[TASK TO CARRY OUT]
Leaving out every picture, transcribe the lines from the line that contains "Vector cartoon stick" to the end of the entries below, both ends included.
* * * *
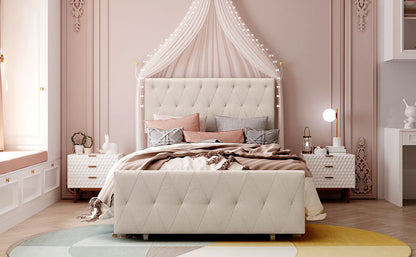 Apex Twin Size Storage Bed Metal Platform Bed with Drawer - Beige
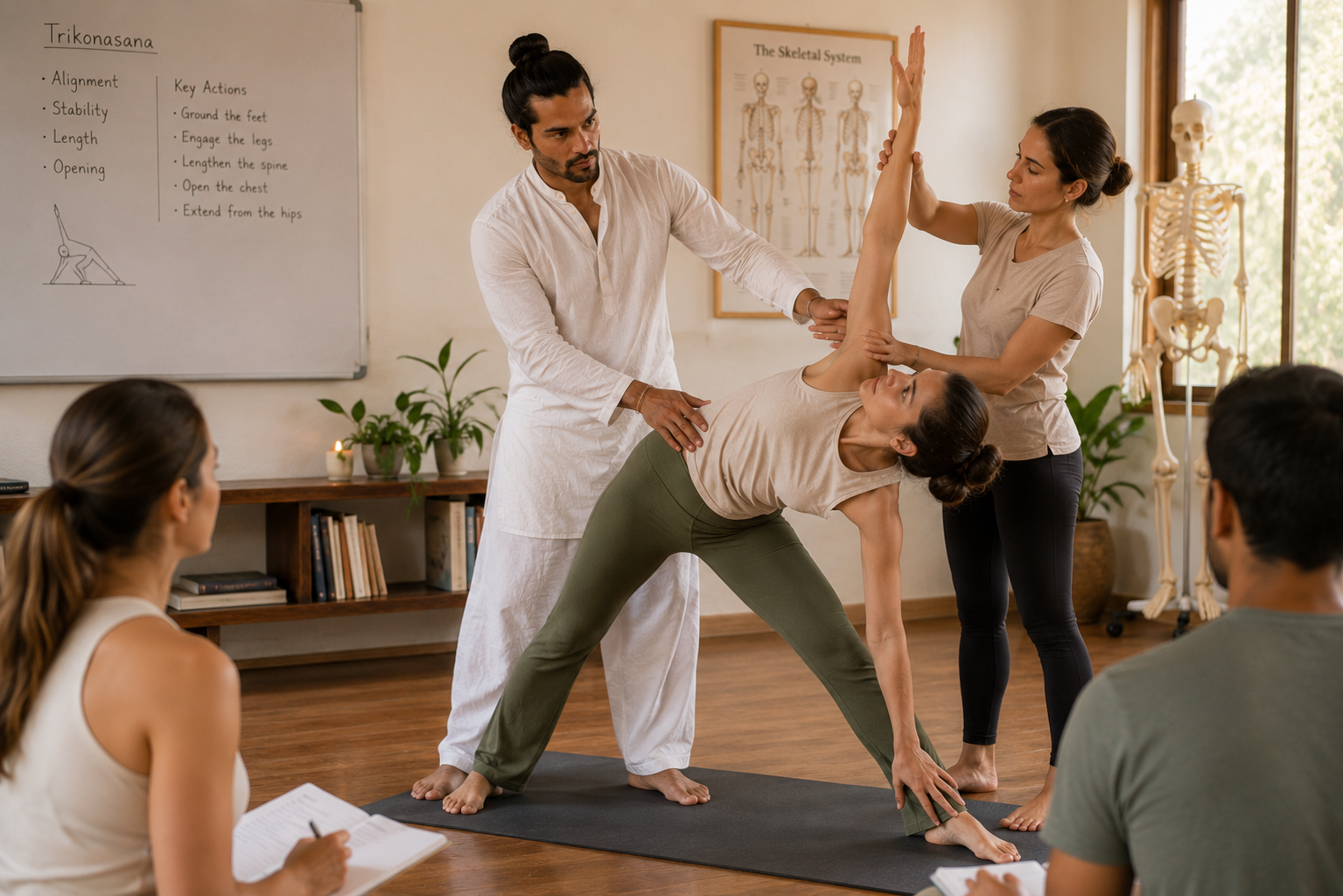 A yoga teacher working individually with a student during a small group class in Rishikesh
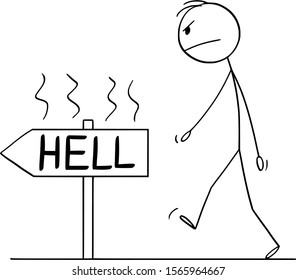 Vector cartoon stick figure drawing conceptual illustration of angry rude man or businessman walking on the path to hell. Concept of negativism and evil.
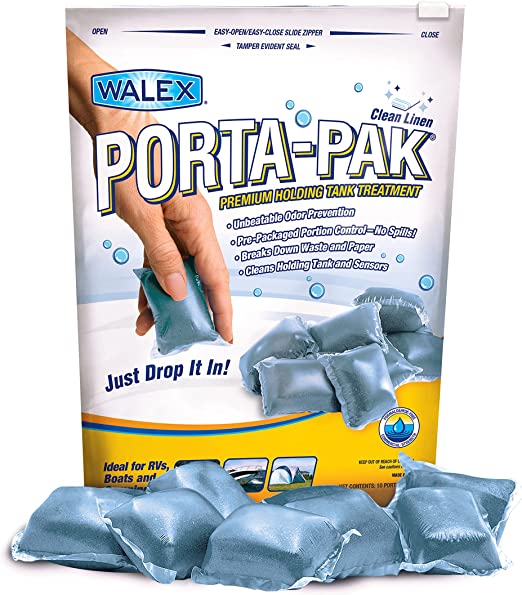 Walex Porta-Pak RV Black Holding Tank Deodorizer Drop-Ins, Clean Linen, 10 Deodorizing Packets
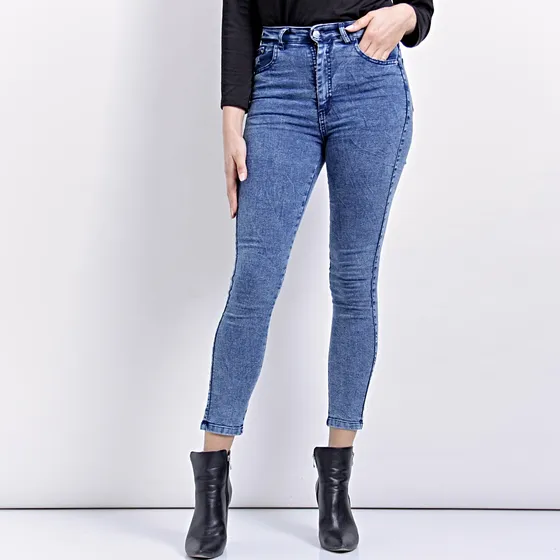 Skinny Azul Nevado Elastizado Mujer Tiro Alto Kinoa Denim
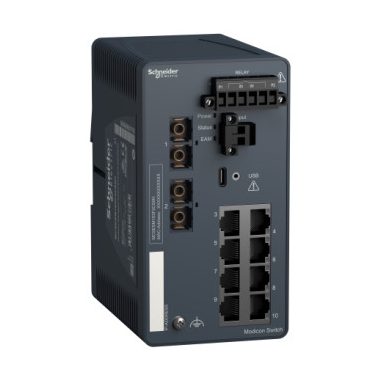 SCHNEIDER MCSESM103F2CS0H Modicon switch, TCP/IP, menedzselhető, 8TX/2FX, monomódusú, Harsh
* * * *
[TASK SOLUTION]
 Vector cartoon stick figure drawing conceptual illustration of angry rude man or businessman walking on the path to hell. Concept of negativism and evil.
 Walex Porta-Pak RV Black Holding Tank Deodorizer Drop-Ins, Clean Linen, 10 Deodorizing Packets
 Skinny Azul Nevado Elastizado Mujer Tiro Alto Kinoa Denim
 SCHNEIDER MCSESM103F2CS0H Modicon switch, TCP/IP, menedzselhető, 8TX/2FX, monomódusú, Harsh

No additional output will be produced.